A differential equation of the form $$\frac{dy}{dx}=\frac{{{f}_{1}}\left( x,\,y \right)}{{{f}_{2}}\left( x,\,y \right)}$$, where f₁ (x, y) and f₂ (x, y) are homogeneous functions of x and y of the same degree, is called a homogeneous equation.

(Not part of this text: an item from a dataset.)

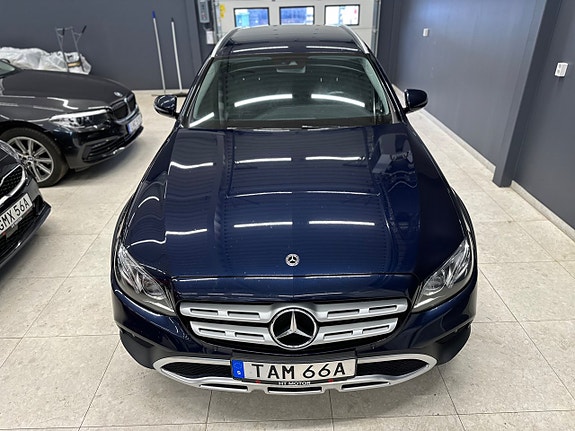 Mercedes-Benz E220 4 of 5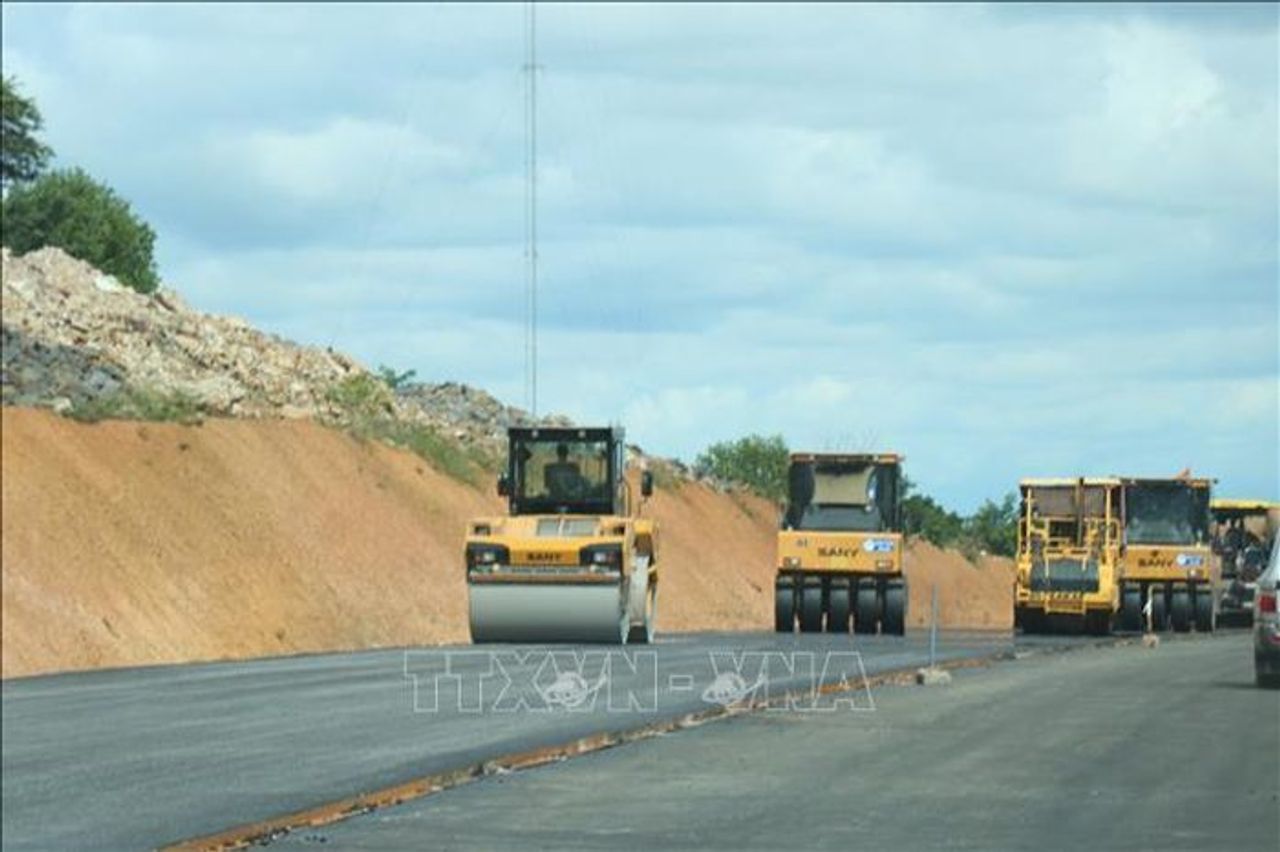 Khắc phục tình trạng chậm thi công Cao tốc Khánh Hòa - Buôn Ma Thuột - Báo Tin Tức TTXVN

For solving such equations, put y = υx and $$\frac{dy}{dx}=\upsilon +x\frac{d\upsilon }{dx}$$,

These substitutions transform the given equation into an equation of the form $$\upsilon +x\frac{d\upsilon }{dx}=f\left( \upsilon \right)$$,

i.e., $$x\frac{d\upsilon }{dx}=f\left( \upsilon \right)-\upsilon$$,

The variables are now separable. Separating the variables and integrating, we get $$\int{\frac{d\upsilon }{f\left( \upsilon \right)-\upsilon }}=\log x+C$$,

Where C is an arbitrary constant.

Now, replacing r by (y/ x) a factor integration, we get the required solution.

Example: Find the solution of the differential equation (x – y) dy – (x + y) dx = 0.

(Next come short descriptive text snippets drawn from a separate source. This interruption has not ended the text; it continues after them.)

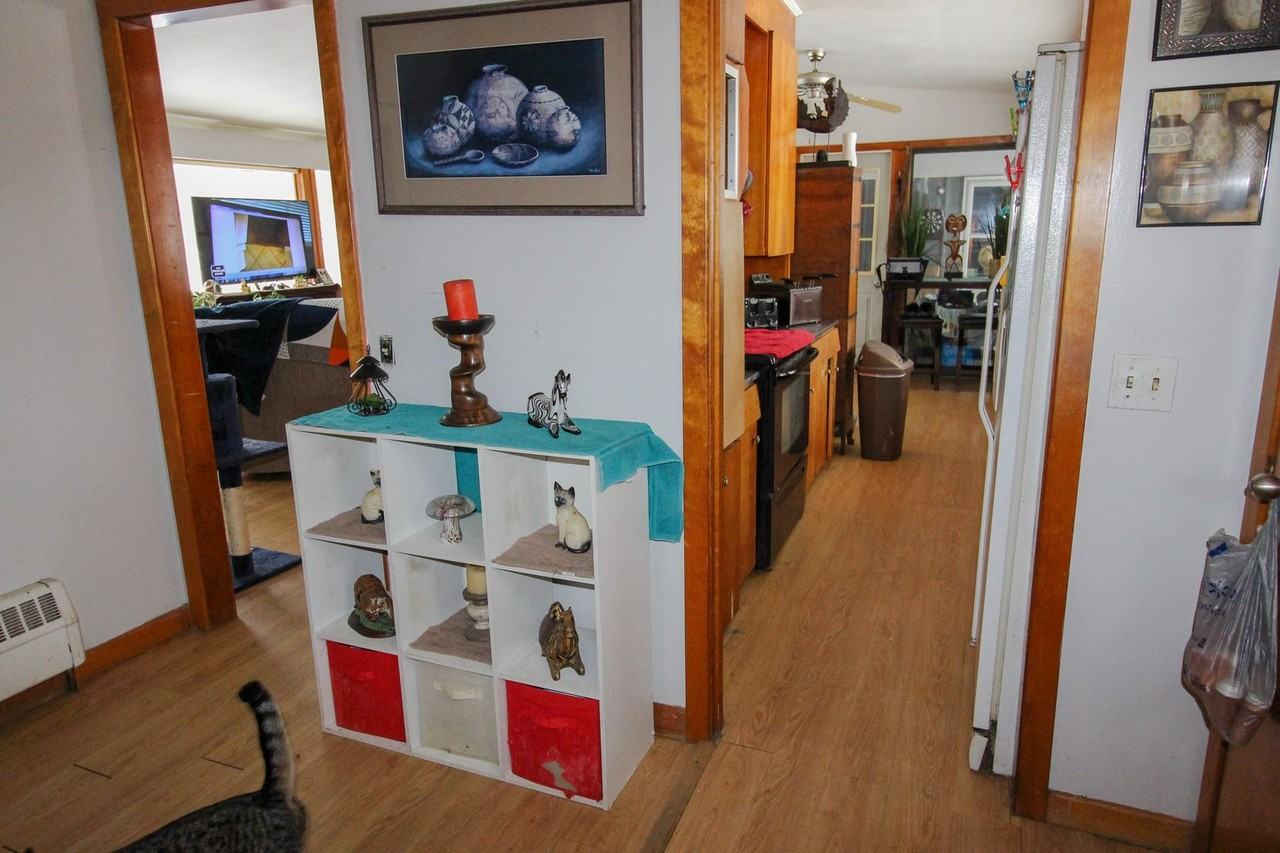 924 Danby Rd. - Photo 6 of 27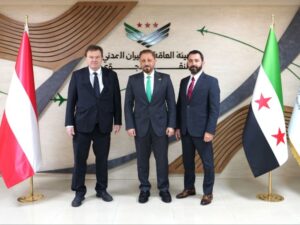 رئيس الطيران المدني يبحث مع القائم بأعمال السفارة النمساوية تطوير التعاون الجوي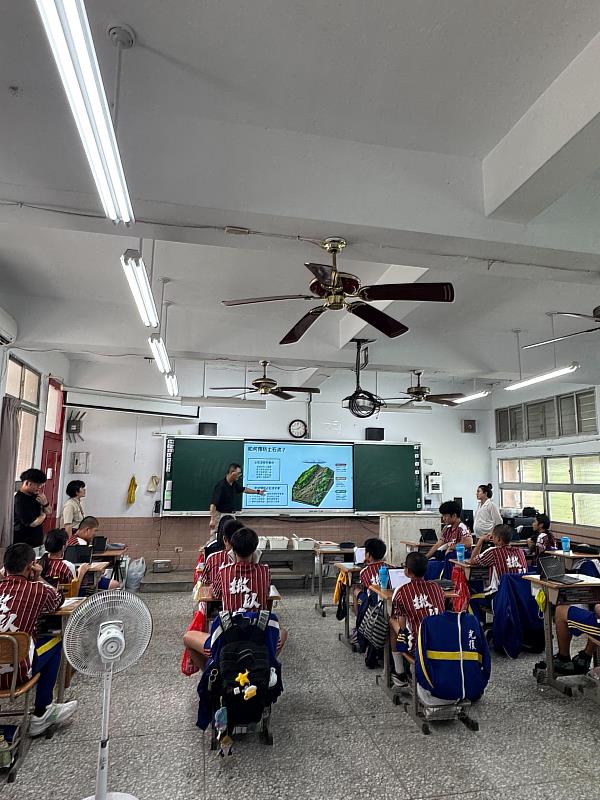 東華大學碩士生講師群合作分工教學。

Solution: Given, (x – y) dy – (x + y) dx = 0

(x – y) dy = (x + y) dx

$$\frac{dy}{dx}=\frac{x+y}{x-y}$$ … (i)

Thus, the given differential equation is homogeneous.

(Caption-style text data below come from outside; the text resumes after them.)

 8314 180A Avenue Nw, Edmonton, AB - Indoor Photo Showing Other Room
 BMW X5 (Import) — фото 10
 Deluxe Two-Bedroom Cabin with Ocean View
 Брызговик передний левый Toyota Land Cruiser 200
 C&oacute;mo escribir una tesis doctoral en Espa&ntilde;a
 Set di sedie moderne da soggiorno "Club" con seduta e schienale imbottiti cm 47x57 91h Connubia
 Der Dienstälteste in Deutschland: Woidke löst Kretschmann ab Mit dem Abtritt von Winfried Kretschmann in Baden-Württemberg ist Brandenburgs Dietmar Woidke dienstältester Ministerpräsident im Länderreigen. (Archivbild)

So, put y = υx ⇒ $$\frac{dy}{dx}=v+x\frac{dv}{dx}$$,

On putting values of dy/ dx and y in Eq. (i), we get

$$v+x\frac{dv}{dx}=\frac{x+vx}{x-vx}\Rightarrow v+x\frac{dv}{dx}=\frac{1+v}{1-v}$$,

$$x\frac{dv}{dx}=\frac{1+v}{1-v}-v\Rightarrow x\frac{dv}{dx}=\frac{1+v-v+{{v}^{2}}}{1-v}$$,

$$\frac{1-v}{1+{{v}^{2}}}dv=\frac{dx}{x}$$,

On integrating both sides, we get

$$\int{\frac{1-v}{1+{{v}^{2}}}}\,dv=\int{\frac{dx}{x}\Rightarrow\int{\frac{1}{1+{{v}^{2}}}dv}-\int{\frac{v}{1+{{v}^{2}}}dx}=\log |x|+C}$$,

Let 1 + v² = t ⇒ $$2v=\frac{dt}{dv}\Rightarrow dv=\frac{dt}{2v}$$,

∴ $${{\tan }^{-1}}v-\int{\frac{v}{t}}\times \frac{dt}{2v}=\log |x|+C$$,

tan⁻¹ v = ½ log |t| = log |x| + C

2 tan⁻¹ v – [log (1 + v²) + 2 log x] = 2 C [put t = 1 + v²]

2 tan⁻¹ v – log [(1 + v²) x²] = 2C

$$2{{\tan }^{-1}}\frac{y}{x}-\log \left[ \left( \frac{{{x}^{2}}+{{y}^{2}}}{{{x}^{2}}} \right){{x}^{2}} \right]=2C$$ (Put v = y/ x)

2 tan⁻¹ (y/ x) – log (x² + y²) = 2 C

tan⁻¹ (y/ x) – ½ log (x² + y²) = C

This is the required solution of the given differential equation.